Children's burial ground, Tirmacroragh, Co. Donegal
At the base of Craigashanney rock in Tirmacroragh, County Donegal, lies a small rectangular patch of ground that locals have long recognised as a children's burial ground.
Children's burial ground, Tirmacroragh, Co. Donegal
Measuring just 5.5 metres from north to south and 3 metres from east to west, this modest space represents a type of site found scattered throughout rural Ireland; unofficial cemeteries where unbaptised infants were laid to rest when church doctrine prevented their burial in consecrated ground.
The site’s only visible marker is a low upright stone positioned at its southern end, a simple memorial that hints at the countless small tragedies once commonplace in Irish communities. These cillíní, as such burial grounds are known in Irish, served families during centuries when infant mortality was devastatingly high and religious rules were unbending. Parents who lost newborns before baptism, or children who were stillborn, would quietly inter them in these liminal spaces; places that existed somewhere between the sacred and the secular, often located at boundaries, crossroads, or beneath notable landscape features like Craigashanney rock.

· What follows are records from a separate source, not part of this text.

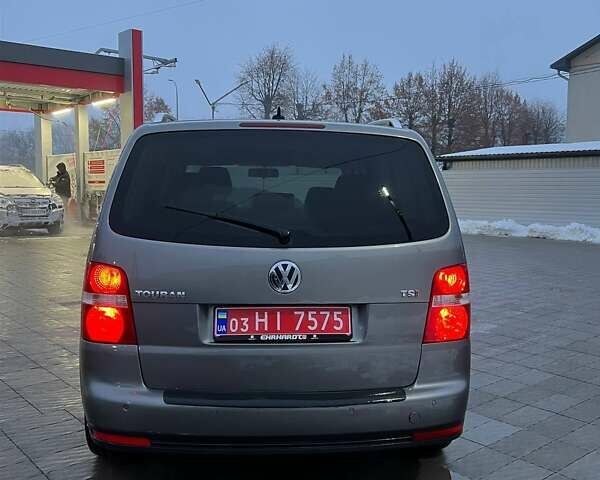 Серый Фольксваген Туран, объемом двигателя 1.4 л и пробегом 174 тыс. км за 6800 $, фото 7 на Automoto.ua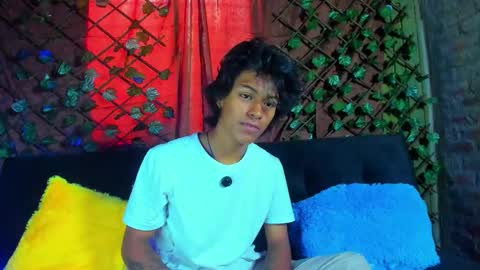 Snapshot of dreyk20 chatting on February 8, 5:27 pm Dreyk online show from February 8, 5:27 pm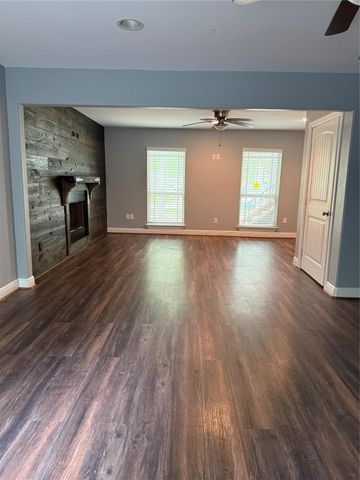 3918 Cedar Forest Drive, Kingwood, TX 77339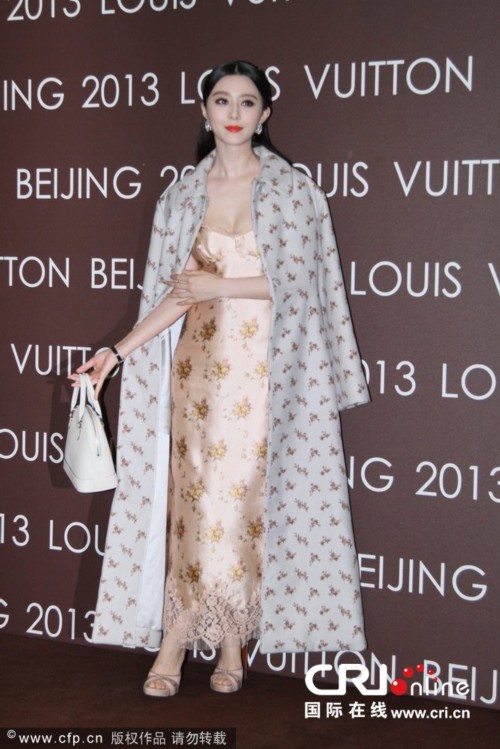 ����Ů����ò���У������Ů������·��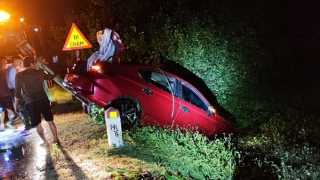 Ô tô 5 chỗ lao xuống hồ lúc rạng sáng, 6 người thương vong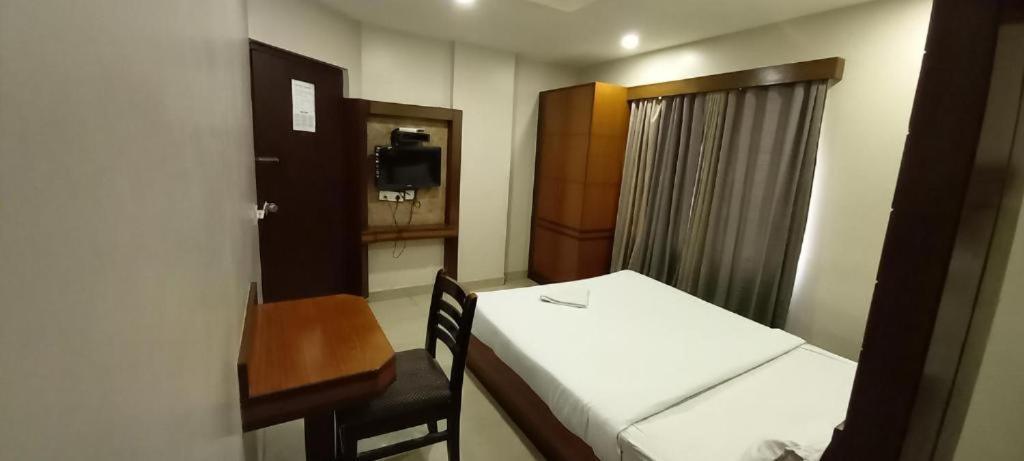 Parkwood Executive Rooms Inn Bangalore Exterior foto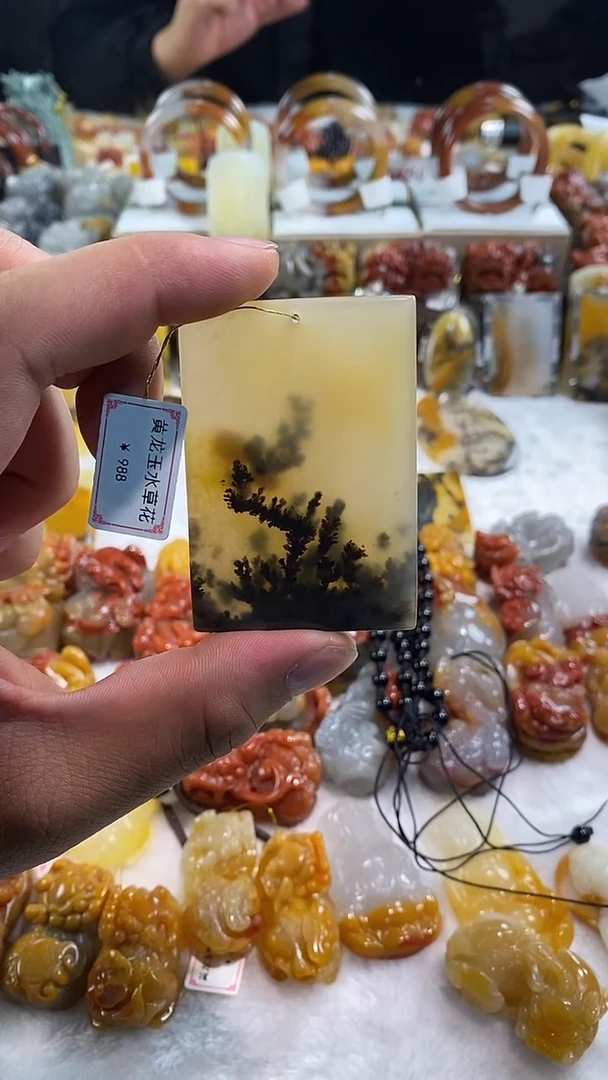 未镶嵌石英质玉挂件石英质玉挂件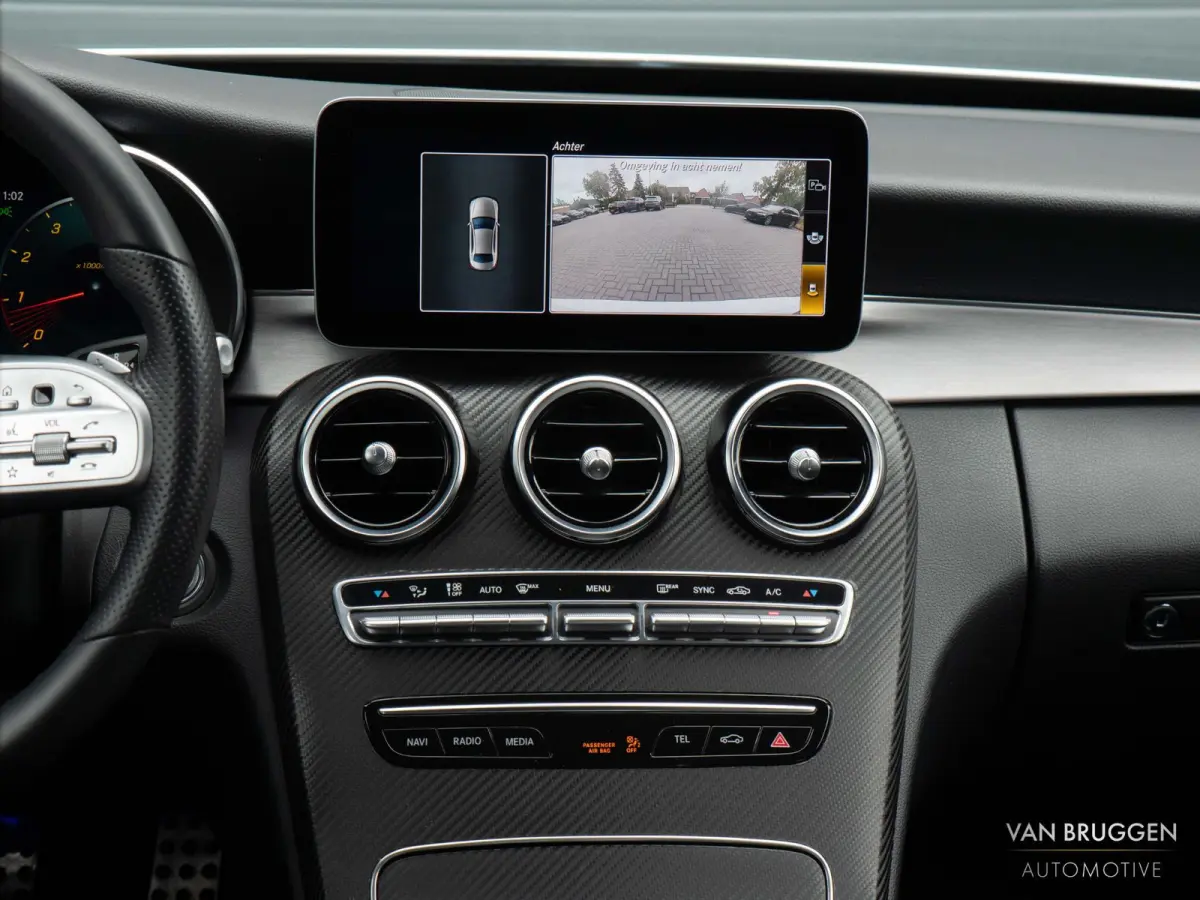300 AMG Premium Plus Pano Burmester Memory Luchtvering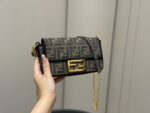 Fendi Baguette Shoulder/Crossbody Bag Effortlessly Street Style - Image 9
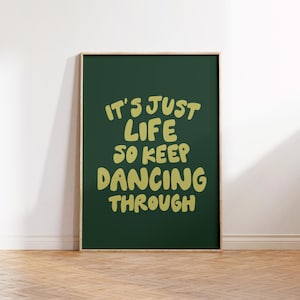 Puede incluir: Un póster verde con un marco blanco que presenta el texto "It's just life so keep dancing through" en amarillo.
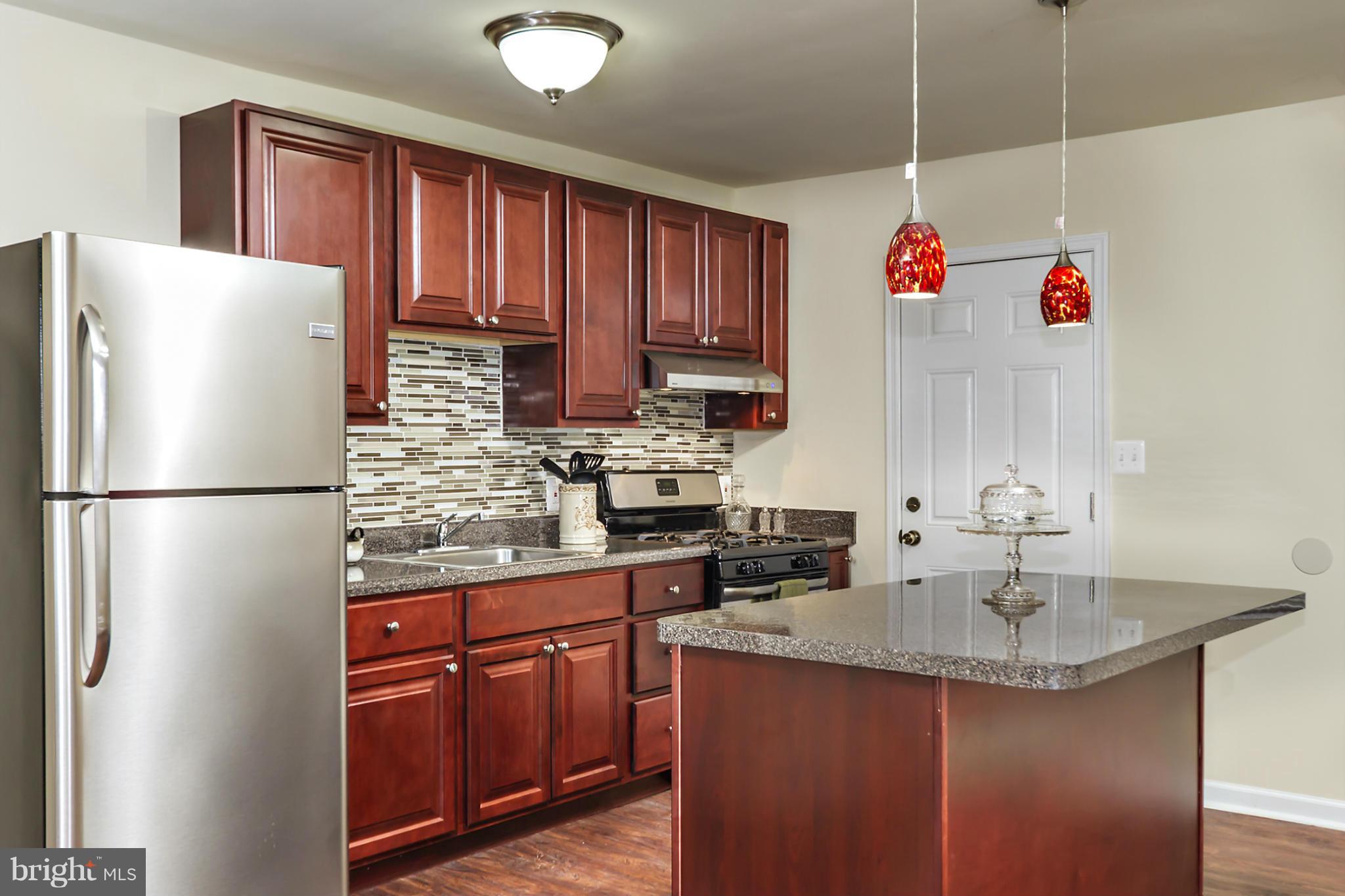 4539 Pen Lucy Road Baltimore, MD 21229 - Photo 5 of 30 Kitchen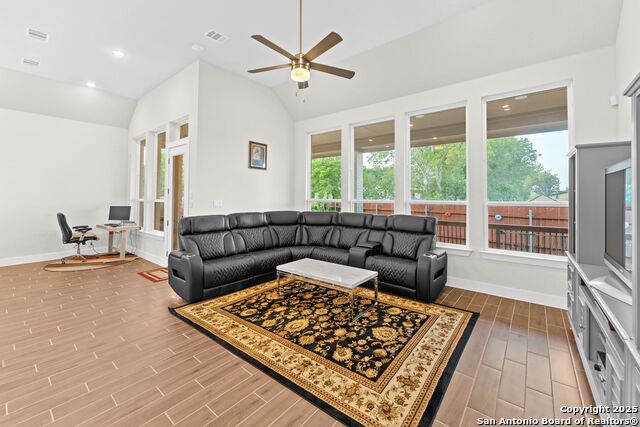 Image 5 of 57 For 444 Westmont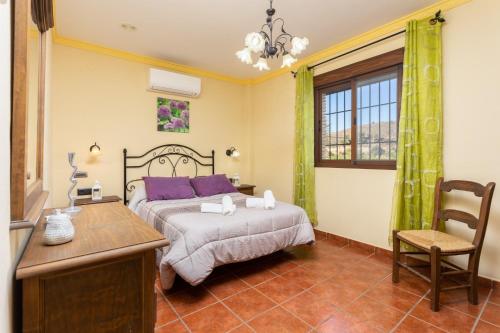 1 dormitorio con 1 cama, 1 mesa y 1 silla en Villa Las Palomas 2 en Frigiliana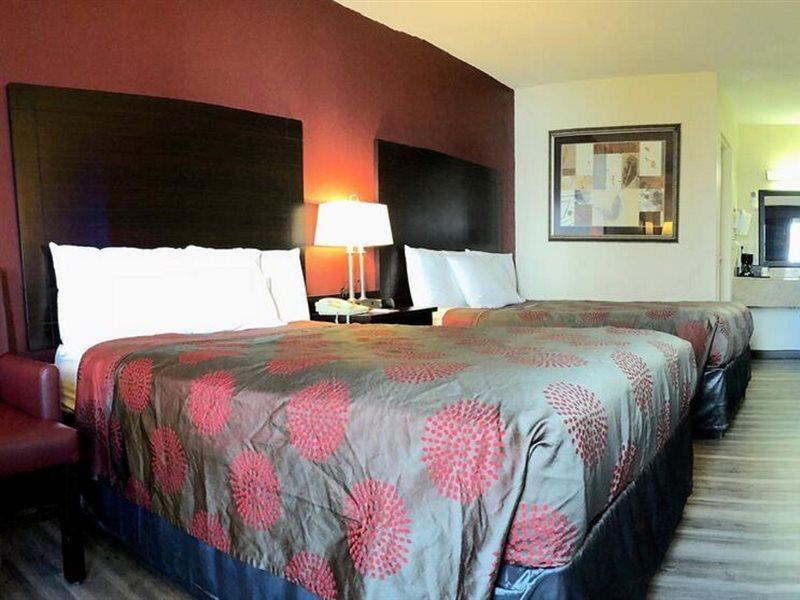 Ramada By Wyndham Harrisonburg Motel Екстериор снимка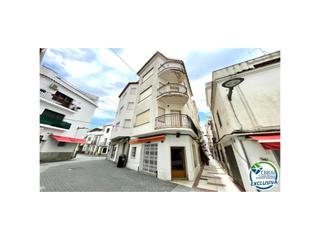 Casa  Calle de sant antoni 22. Gran casa en el centro de roses con local comercial a poca dista
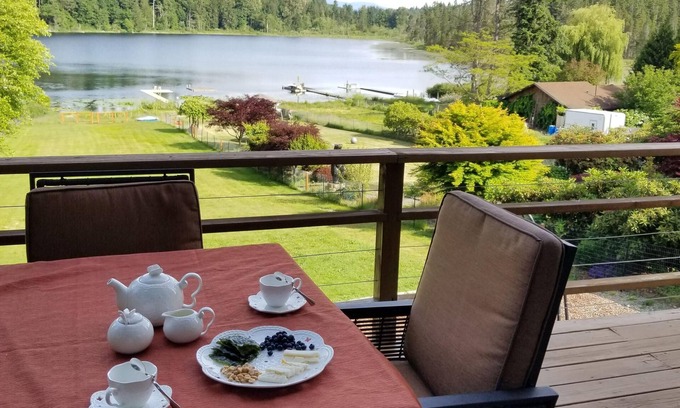Maple Heights-Lake Desire Cabaña | Casa de campo frente al lago con vistas a la montaña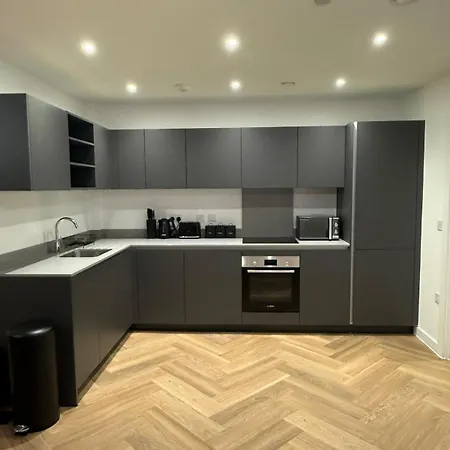New! Modern 2 Bed In Centre Flat Apartment Birmingham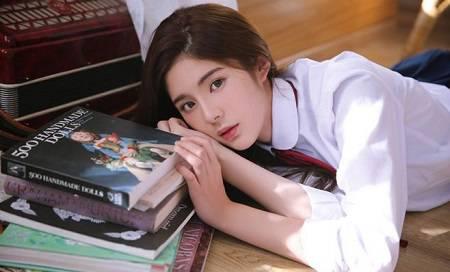 閨蜜們喜歡看放蕩男女的交換小說遭我嫌棄，被狠狠教訓(xùn)了一番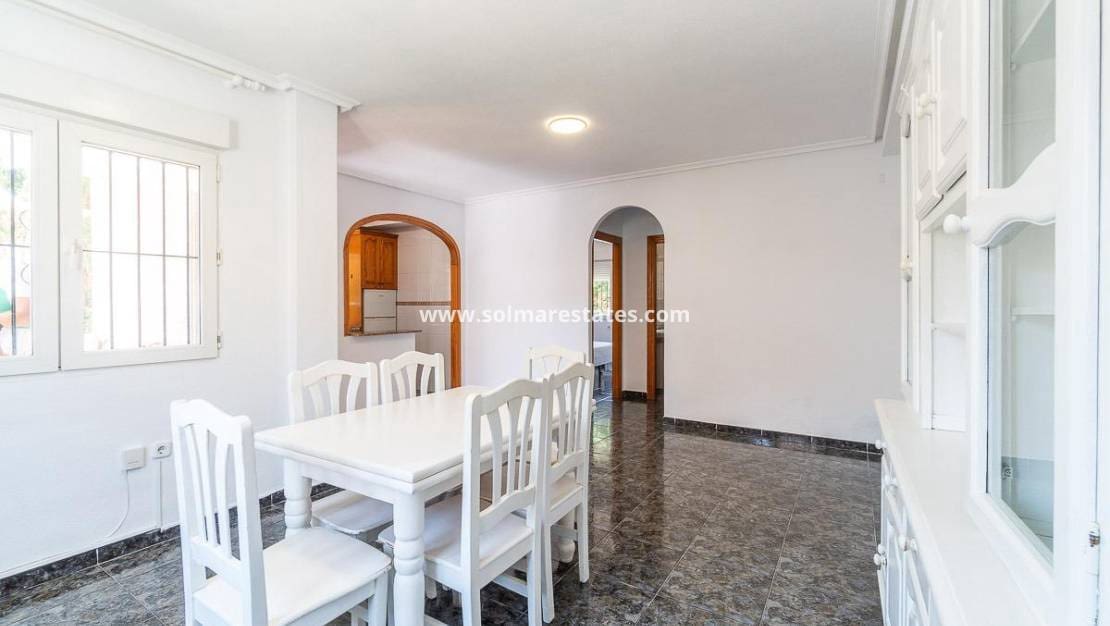 3 slaapkamer Halfvrijstaande villa te koop in Playa Flamenca met zwembad - € 297.000 (Ref: 9956329)
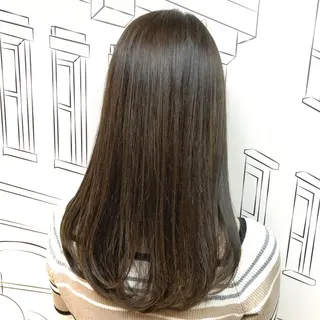 セミロング カラー レイヤー⭐️カラー ⭐️平川雅史のヘアスタイル
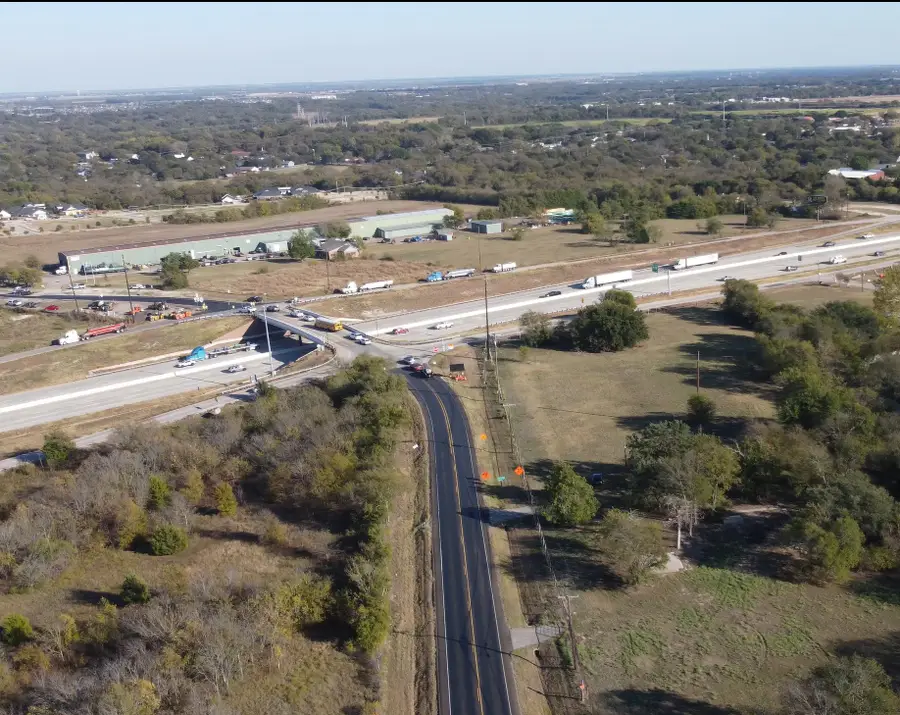 1446 N Interstate Highway 35 E, Waxahachie, TX 75165 - Image #2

Though the Tirmacroragh site appears unremarkable today, it forms part of County Donegal’s rich archaeological landscape, documented in the county’s comprehensive archaeological survey compiled in 1983. These children’s burial grounds remind us of a particularly poignant aspect of Irish social history, when grief had to be borne privately and even the smallest members of the community could be excluded from formal religious rites. The tradition of using such sites continued in some parts of Ireland well into the 20th century, making them bridges between ancient custom and living memory.